In order to guide treatment efforts, grading the extent of the ocular injury is done via either the Roper-Hall classification and/or the Dua et al. classification systems. The Roper-Hall classification system is based on the extent of corneal injury and limbal conjunctival ischemia. It does not consider direct conjunctival injury. The Dua et al. classification system factors in conjunctival injury (percentage of injury) and limbal injury (graded by surface-area “clock hours”). The Dua et al. classification system does not, however, factor in corneal injury. A significant drawback to both classification systems is that neither system takes into consideration the depth of chemical injury, which is of particular significance when considering the pathological etiology for patients’ presentations of COP (Bizrah et al., 2019). Furthermore, while both classification systems have been trialed independently and comparatively to prognosticate recovery and lead treatment efforts, there has not been an assessment of utilizing these classification systems for the evaluation and management of COP.

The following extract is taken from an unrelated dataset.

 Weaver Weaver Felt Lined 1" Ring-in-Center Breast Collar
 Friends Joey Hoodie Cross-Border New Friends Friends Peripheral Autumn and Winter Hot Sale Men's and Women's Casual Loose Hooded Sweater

Common toxic chemical ocular injuries
Numerous toxic chemicals in existence can cause ocular damage upon direct exposure to the ocular surface. However, similar pathological reactions are seen within certain groups of chemicals. There are largely 3 different groups of toxic chemicals that induce specific reactions: acids, bases, and “other” chemicals. It is unknown currently whether a certain group of chemicals induces COP with a higher incidence than another group of toxic chemicals.
Alkali agent injuries
Base, or alkali, chemicals account for more significant ocular injuries (80%) than acidic chemicals. Alkali injuries are particularly significant if the pH of the chemical irritant is > 11.5 (Dua et al., 2020). Alkali chemicals are more prone to causing significant ocular injuries due to their ability to penetrate deeper into the eye than acidic or other chemicals. Alkali chemicals can react with cellular membranes causing saponification and lysis of membranes (via hydroxyl ion release and conversion of cell membrane lipids to salts). This will subsequently cause destruction of the ocular epithelial layer and allowance for penetration directly into the anterior chamber of the eye. Further allowance of penetration into the anterior chamber is mediated by the basic chemical’s ability to hydrolyze the ocular surface interfibrillar glycosaminoglycans and disrupt the intact extracellular matrix. If enough of the corneal surface is damaged, alkali toxins have been known to induce a temporary paradoxical anesthesia of the eye due to significant nerve destruction. Lime-plaster is the most common cause of alkali chemical ocular injury. The toxin within lime is Ca(OH)2, a chemical compound commonly used in plastering or cementing. The calcium component produces a soap upon saponification within the epithelium, which hinders further penetration into the eye. Ammonia (NH3) is a compound used mostly in manufacturing, in fertilizer, and in the chemical industry. It has the fastest rate of penetration through the ocular surface. Another compound with a fast penetration rate is lye (NaOH), which is a common chemical component in drain cleaning products. Other alkali chemicals commonly encountered include potash (KOH), used in the chemical industry, or Mg(OH)2, which is found in some fireworks (Morgan, 1987; Lusk, 1999; Dua et al., 2020).
Acidic agent injuries
Although very capable of causing catastrophic ocular pathology and subsequent chronic pain, acidic chemicals are generally less damaging when contacting the human eye than alkali chemicals. While most alkali chemicals are capable of deep penetration past the anterior chamber of the eye, acidic chemicals are generally stabilized before penetrating the anterior chamber. Acidic compounds primarily cause denaturation and coagulation of the corneal epithelium. Certain acids, such as Hydrofluoric acid (HF), can penetrate deeper into the anterior chamber of the eye. HF is used for rust removal, brick cleaning, pottery glazing, as a lab reagent, and is sometimes used in the semiconductor industry. Yet, the most common ocular injury from acidic chemicals is due to sulfuric acid (H2SO4). Sulfuric acid is primarily found in car batteries, fertilizer, or used in the metal industry. Other acidic chemicals that commonly cause ocular injuries include HCl (used in the steel industry or chemical manufacturing) or nitric acid (used in chemical manufacturing) (Morgan, 1987; Lusk, 1999; Dua et al., 2020).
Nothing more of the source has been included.